I had expected to put an XBox Kinect into the sitting room by now but the television screen has acquired an annoying habit of switching off for three or four seconds every 15 minutes. That kind of misbehaviour would affect game play more than it disrupts the movies we want to watch on the 32" screen.
At work, we're still buying desktop units. I've rejected mine, however. There's no place on my standing desk for a big screen.
We need to get into the process where we buy two dozen tablets every year and place them into a locked trolley for check-out and use by students anywhere on campus. We already have students showing up at the start of their second year with their own iPad or Nexus tablet. They complain about not being able to run all their email and productivity apps because of the way our proxy server handles requests. Hopefully, that glitch will be addressed.
I wonder what lies ahead for businesses that sunk time and money into Microsoft products since the turn of the century. I know some that have made the strategic decision to slip away from Windows--but only a few. The market tells me about a distinct drop in demand for Microsoft consumer products. At the business level, IT administrators may be drawing a line around legacy solutions from Microsoft, aided by press reports about PRISM and State-sanctioned snooping of cloud services.

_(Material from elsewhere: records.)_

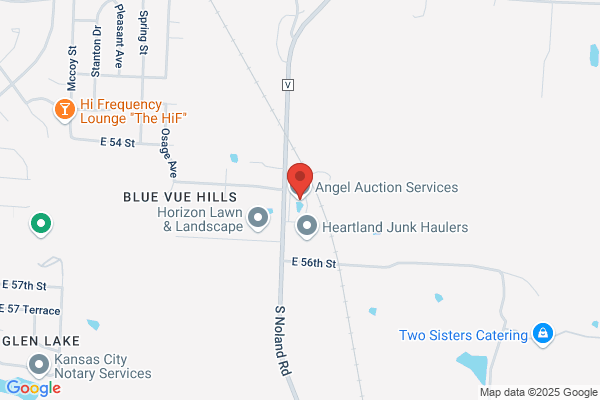 Angel Auction Service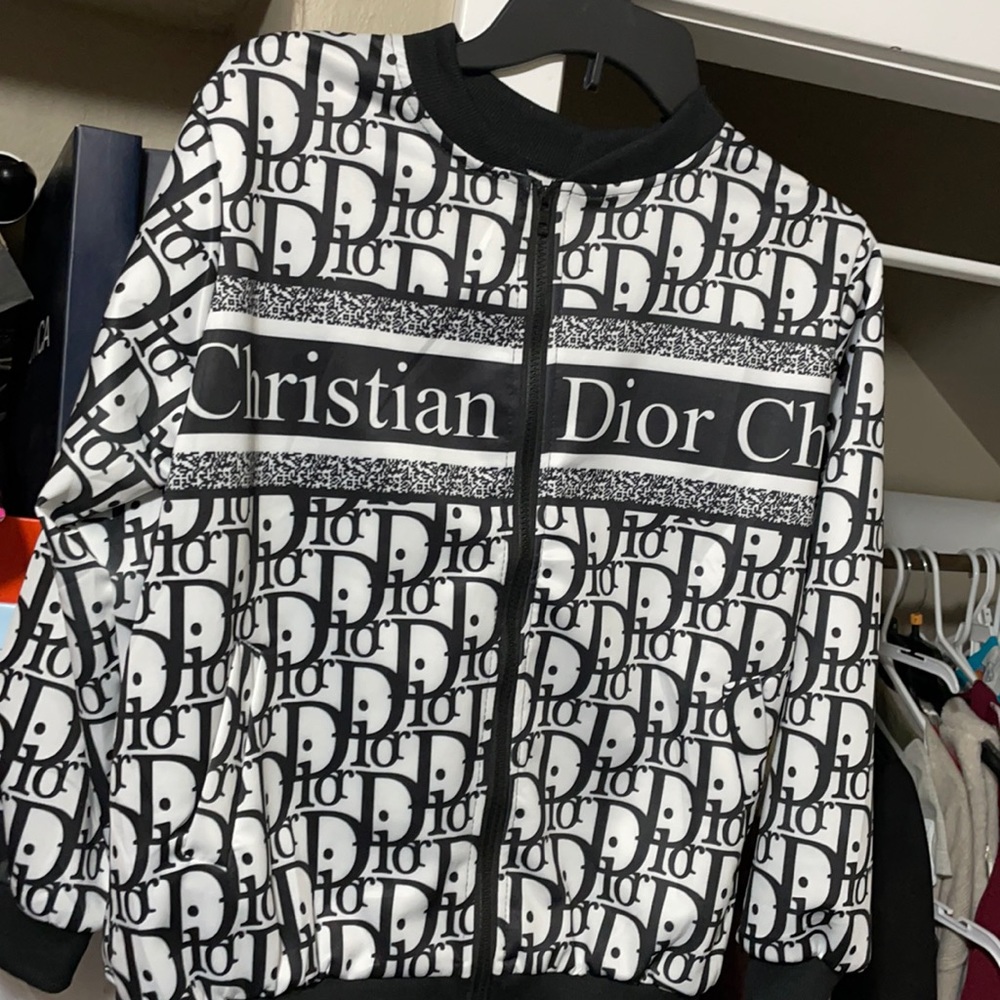 Dior light jacket brand new
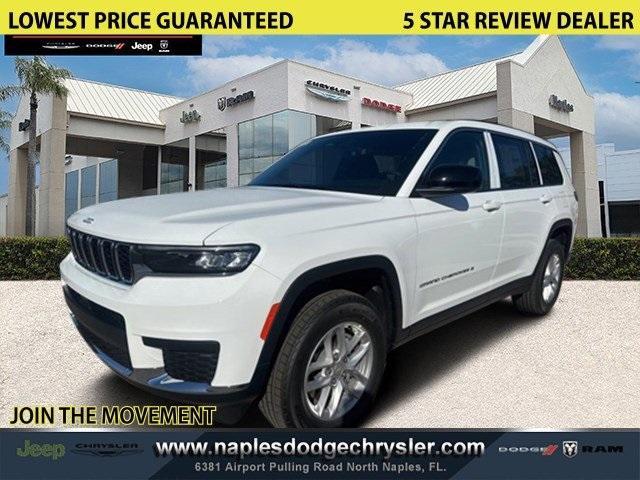 new 2025 Jeep Grand Cherokee L car, priced at $32,930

I'm exploring this idea during the next three months, asking clever fourth year university students what they see in their crystal balls five years from now. I wonder how many of them imagine themselves at a desk, connected to the ethernet, using Microsoft products and services as their primary connection to productivity.
[Bernie Goldbach's long bet is for his 2018 college campus to have more institution-sponsored tablets and e-readers than desktop workstations.]